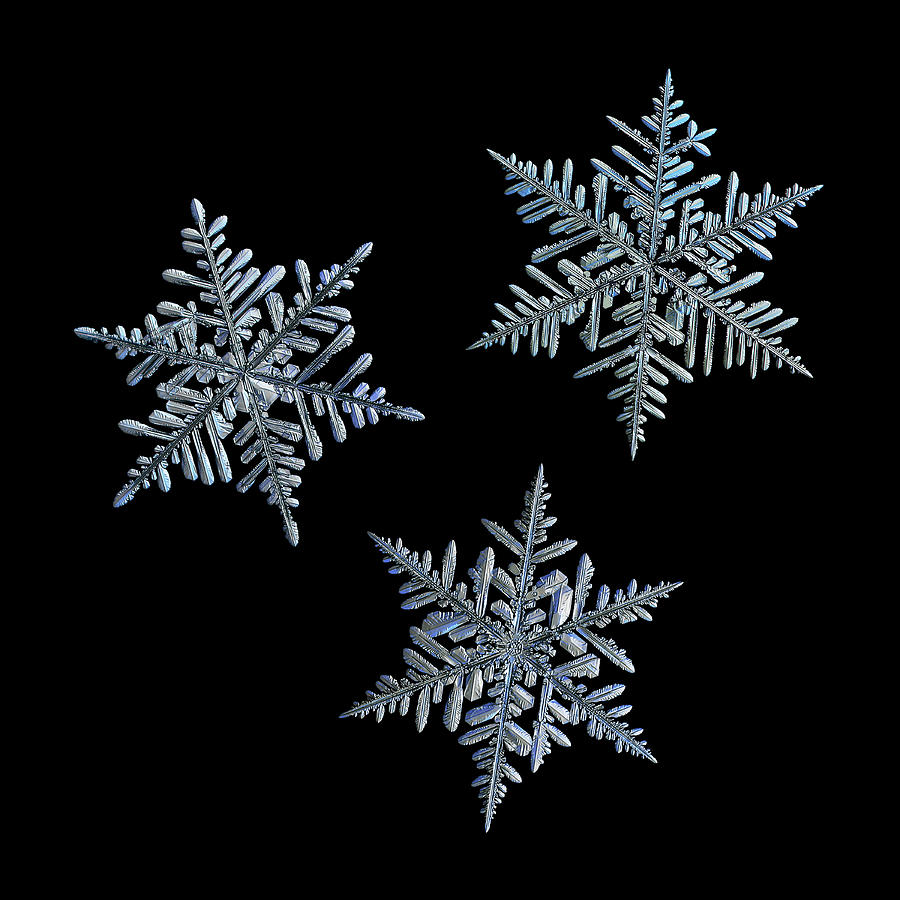 Three snowflakes on black background - 1 Photograph by Alexey Kljatov
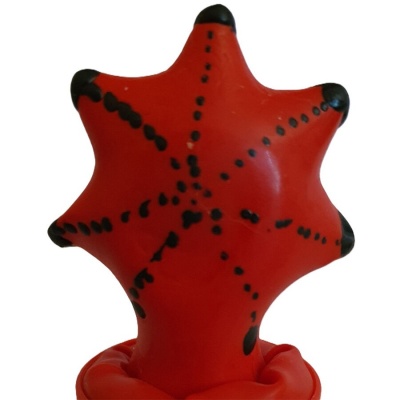 Condomerie Handpainted Starfish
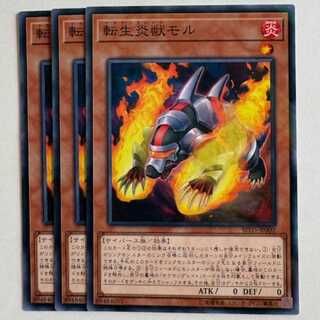 Salamangreat Mole No Para (set of 3) SD35-JP002 Yu-Gi-Oh Trekking Road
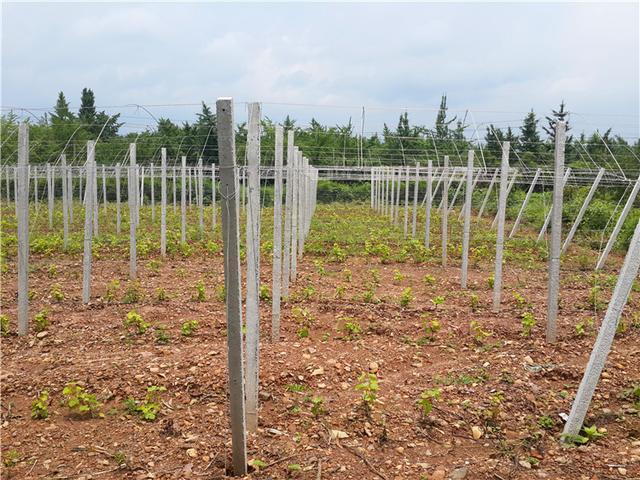 葡萄园里四季歌，春吐新芽、夏爬满架、秋收葡萄、冬埋雪下。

◆ Problem details
Repeat the material above exactly; pictures do not belong in the copy.

◆ The answer
 Three snowflakes on black background - 1 Photograph by Alexey Kljatov
 Condomerie Handpainted Starfish
 Salamangreat Mole No Para (set of 3) SD35-JP002 Yu-Gi-Oh Trekking Road
 葡萄园里四季歌，春吐新芽、夏爬满架、秋收葡萄、冬埋雪下。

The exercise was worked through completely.